Kejari Lumajang: Tindak Pidana Ringan Bisa Berujung Pidana, Penjualan Miras Ilegal Berisiko Hukuman 3 Bulan

Kejari Lumajang: Tindak Pidana Ringan Bisa Berujung Pidana, Penjualan Miras Ilegal Berisiko Hukuman 3 Bulan

Plat Merah – Lumajang, 25 Juni 2026 – Kejaksaan Negeri (Kejari) Lumajang terus menegaskan bahwa tindak pidana ringan (Tipiring) tidak boleh dianggap sepele oleh masyarakat. Sebagai lembaga penegak hukum, mereka menegaskan bahwa berbagai perbuatan sehari-hari yang sering dianggap tidak penting, seperti penjualan minuman keras tanpa izin, penghinaan ringan, atau gangguan ketenteraman lingkungan, dapat berujung pada proses hukum. Hal ini diungkapkan dalam talkshow JELITA (Jelajah Informasi dan Berita) bertema “Tindak Pidana Ringan” di Studio LPPL Radio Suara Lumajang.

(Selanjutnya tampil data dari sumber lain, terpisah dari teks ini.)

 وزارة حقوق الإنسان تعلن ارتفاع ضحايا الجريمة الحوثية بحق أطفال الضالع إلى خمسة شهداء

Definisi dan Batasan Tipiring

Kepala Seksi Intelijen Kejari Lumajang, Lukman Akbar Bastiar, menjelaskan bahwa Tipiring adalah tindak pidana dengan ancaman hukuman maksimal enam bulan penjara atau denda kategori II sebesar Rp10 juta. Perkara ini biasanya diproses melalui acara pemeriksaan cepat di pengadilan. “Disebut tindak pidana ringan ketika ancaman pidananya paling lama enam bulan penjara atau denda paling banyak kategori II,” ujarnya.

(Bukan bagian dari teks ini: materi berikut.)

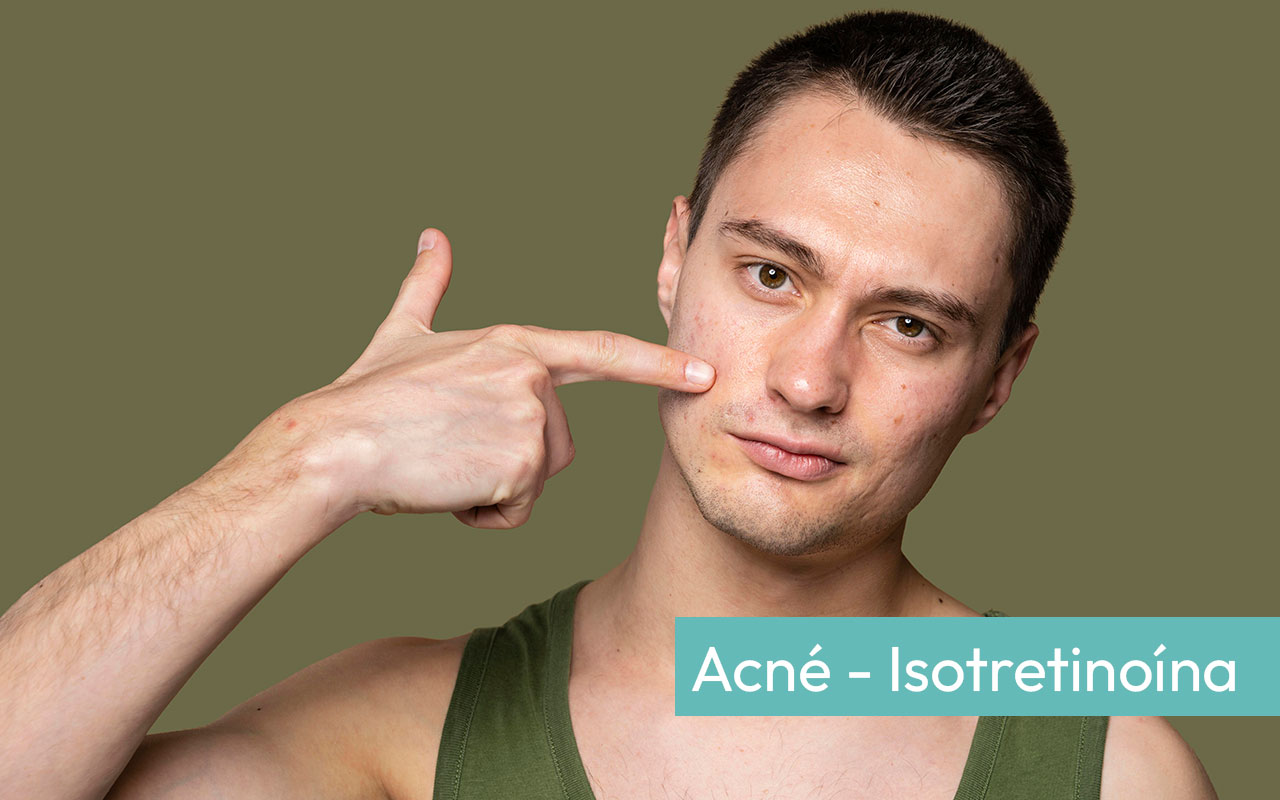 Isotretinoína en el tratamiento del acné y otras enfermedades dermatológicas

Contoh PerbuatanHukuman Maksimal
Penjualan miras tanpa izin3 bulan penjara atau denda Rp50 juta
Pencurian ringan (kerugian <Rp500 ribu)1 bulan penjara atau denda Rp5 juta
Gangguan ketenteraman (kebisingan, pawai tanpa izin)6 bulan penjara atau denda Rp10 juta

Kasus Nyata di Lumajang

Kejari Lumajang mencatat bahwa sebagian besar kasus Tipiring terkait dengan pelanggaran ketertiban umum. Salah satu contohnya adalah penjualan minuman keras (miras) di luar izin resmi. Lukman mencontohkan, pelaku yang menjual miras ilegal bisa dihukum maksimal tiga bulan penjara atau denda Rp50 juta. “Ini bukan hanya soal hukum, tetapi juga dampak sosial. Miras ilegal sering kali terkait dengan penyebaran penyakit atau kekerasan di masyarakat,” tambahnya.

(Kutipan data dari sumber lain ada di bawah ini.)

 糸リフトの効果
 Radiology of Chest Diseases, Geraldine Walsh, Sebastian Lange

  • Miras ilegal berisiko menjadi sarana penyebaran penyakit
  • Dapat memicu kekerasan atau konflik sosial
  • Merusak ketertiban umum di lingkungan masyarakat

Dampak dan Implikasi

Analisis dari Jaksa Fungsional Bidang Intelijen, Widya Paramita, menunjukkan bahwa Tipiring juga mencakup penghinaan ringan dengan niat jahat. Kasus semacam ini, meskipun tergolong kecil, berpotensi merusak hubungan sosial dan memicu konflik horizontal. “Korban penghinaan harus segera melapor ke pihak berwenang agar proses hukum dapat berjalan,” jelas Widya.

Peran Masyarakat

Kejari Lumajang menekankan pentingnya kesadaran hukum di kalangan masyarakat. Mereka mengajak warga untuk tidak hanya fokus pada pelanggaran besar, tetapi juga mematuhi aturan kecil yang tergolong Tipiring. “Pelanggaran kecil bisa berkembang menjadi masalah besar jika tidak diatasi,” kata Lukman.

Pendekatan Hukum yang Lebih Berimbang

Andrew Ramadhani, Analis Penuntut Kejari Lumajang, menilai revisi KUHP membawa pendekatan yang lebih proporsional dalam penanganan Tipiring. “Hukum tidak hanya tentang hukuman, tetapi juga hak terdakwa dan keseimbangan penanganan perkara,” ujarnya. Dalam kasus tertentu, seperti konflik antarindividu, Kejari mendorong penyelesaian damai jika kedua belah pihak setuju.

Harapan Kejari Lumajang

Melalui talkshow JELITA, Kejari Lumajang berharap masyarakat semakin memahami batasan perbuatan yang berujung pidana. Mereka juga ingin meningkatkan kesadaran untuk melaporkan dugaan pelanggaran, seperti penipuan arisan atau THR, dengan membawa bukti yang jelas. “Kita ingin masyarakat lebih berhati-hati dalam bertindak di ruang publik,” pungkas Lukman.

Langkah ini diharapkan dapat mengurangi angka tindak pidana ringan di Lumajang dan menciptakan lingkungan yang lebih aman dan tertib.

Artikel ini dipublikasikan oleh Plat Merah.